March’s Writing Prompt: A Week at the Conference Table

For December’s writing prompt, go here.

It’s been a chilly, prompt-less winter so far, but now that the snow’s falling again in Toronto, it’s a great time to get this column running!

Imagine your seven characters are at this conference table.

On Monday, they sit at the table to discuss whatever it is they discuss. On Tuesday, each person’s mind wakes up in the body to the right. Red’s mind is in orange’s body, orange’s mind is in yellow’s body, and so on. Wednesday, they rotate again in the same direction, so red’s mind is in yellow’s body, orange’s mind is in green’s body, and you get the picture. By the next Monday, they’re back where they began.

Does each mind identify with a certain body? Or do the minds, as a collective, view the seven bodies as a corporeal commons?

If the people had lived a certain length of time normally, but then woke up one day in this cruel experiment, they might identify with the bodies they had before. If they were born in this scenario, though, or if they’d had their memories wiped, it’d be a lot fishier.

Does it matter which day of the week which mind is in which body? After all, some sources say people eat less healthy on the weekends. Would the red mind stuff the blue and purple bodies full of junk food only to castigate the orange and yellow minds for doing the exact same thing to the red body?

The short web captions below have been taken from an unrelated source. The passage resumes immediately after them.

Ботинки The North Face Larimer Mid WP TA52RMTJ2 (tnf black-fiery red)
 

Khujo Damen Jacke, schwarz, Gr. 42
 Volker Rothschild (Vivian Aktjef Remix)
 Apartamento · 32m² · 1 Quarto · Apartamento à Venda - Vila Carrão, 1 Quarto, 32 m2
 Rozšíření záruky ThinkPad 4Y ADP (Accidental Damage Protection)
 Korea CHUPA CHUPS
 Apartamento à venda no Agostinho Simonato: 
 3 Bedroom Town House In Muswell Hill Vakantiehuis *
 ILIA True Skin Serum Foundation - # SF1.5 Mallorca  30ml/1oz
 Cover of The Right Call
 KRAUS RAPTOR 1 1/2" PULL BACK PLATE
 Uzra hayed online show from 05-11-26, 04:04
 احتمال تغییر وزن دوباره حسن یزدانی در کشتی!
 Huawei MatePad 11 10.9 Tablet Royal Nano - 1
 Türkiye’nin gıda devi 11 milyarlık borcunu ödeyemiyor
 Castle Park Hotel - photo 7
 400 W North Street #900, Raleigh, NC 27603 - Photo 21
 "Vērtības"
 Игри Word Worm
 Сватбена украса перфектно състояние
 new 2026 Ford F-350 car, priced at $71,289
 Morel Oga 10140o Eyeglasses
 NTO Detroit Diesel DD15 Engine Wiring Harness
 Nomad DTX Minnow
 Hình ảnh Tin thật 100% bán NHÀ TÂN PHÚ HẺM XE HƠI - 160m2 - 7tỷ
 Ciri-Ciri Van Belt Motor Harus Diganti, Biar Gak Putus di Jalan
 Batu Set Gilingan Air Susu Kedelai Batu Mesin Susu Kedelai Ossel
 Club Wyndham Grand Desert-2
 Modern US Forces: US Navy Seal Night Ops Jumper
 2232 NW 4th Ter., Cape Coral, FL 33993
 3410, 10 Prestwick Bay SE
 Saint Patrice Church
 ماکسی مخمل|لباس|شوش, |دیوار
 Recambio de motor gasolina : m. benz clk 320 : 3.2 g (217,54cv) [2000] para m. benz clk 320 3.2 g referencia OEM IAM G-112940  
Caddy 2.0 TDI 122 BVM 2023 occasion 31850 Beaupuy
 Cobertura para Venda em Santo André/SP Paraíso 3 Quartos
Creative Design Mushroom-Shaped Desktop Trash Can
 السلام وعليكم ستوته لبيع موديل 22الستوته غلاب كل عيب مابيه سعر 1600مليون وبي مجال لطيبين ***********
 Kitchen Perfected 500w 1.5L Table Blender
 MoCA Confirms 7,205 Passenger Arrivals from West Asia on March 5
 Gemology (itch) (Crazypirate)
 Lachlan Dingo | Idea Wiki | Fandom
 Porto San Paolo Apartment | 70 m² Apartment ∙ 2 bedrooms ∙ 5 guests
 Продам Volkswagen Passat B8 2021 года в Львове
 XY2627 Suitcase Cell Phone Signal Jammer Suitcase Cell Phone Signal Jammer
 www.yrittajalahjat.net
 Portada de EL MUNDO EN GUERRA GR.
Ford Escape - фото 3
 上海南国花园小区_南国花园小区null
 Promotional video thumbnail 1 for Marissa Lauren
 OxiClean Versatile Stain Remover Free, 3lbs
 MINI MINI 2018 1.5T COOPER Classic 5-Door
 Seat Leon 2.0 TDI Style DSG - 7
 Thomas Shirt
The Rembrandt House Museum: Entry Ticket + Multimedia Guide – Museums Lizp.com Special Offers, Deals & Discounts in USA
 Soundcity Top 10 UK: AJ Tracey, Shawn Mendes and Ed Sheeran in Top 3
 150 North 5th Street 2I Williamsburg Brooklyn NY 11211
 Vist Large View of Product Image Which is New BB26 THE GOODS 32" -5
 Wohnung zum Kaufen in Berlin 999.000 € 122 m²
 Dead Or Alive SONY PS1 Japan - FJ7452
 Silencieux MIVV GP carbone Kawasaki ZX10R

If the bodies are a commons, there could be any number of rules governing them. They might split up physically demanding or boring tasks. If some bodies are bigger than others, manual labour may even take on a Marxist-style “from each according to his abilities, to each according to his needs” approach. Alternatively, each mind may feel a lack of ownership over any given body, seeing as it only has to inhabit it 1/7 of the time. That could result in all sorts of neglect and abuse.

The least technical question, but probably the most important one, is: why are these people here? That might decide the setting, characters and plot in one go. Did they know each other before the experiment started? Are they in a normal setting, like at work or school, or are they in an artificial environment created specifically for the conference? Are they working toward a common goal, like all escaping a haunted house? Or are they pitted against each other to see who gets to keep a body at all?

Answering that bold italic question could result in as many stories as there are writers.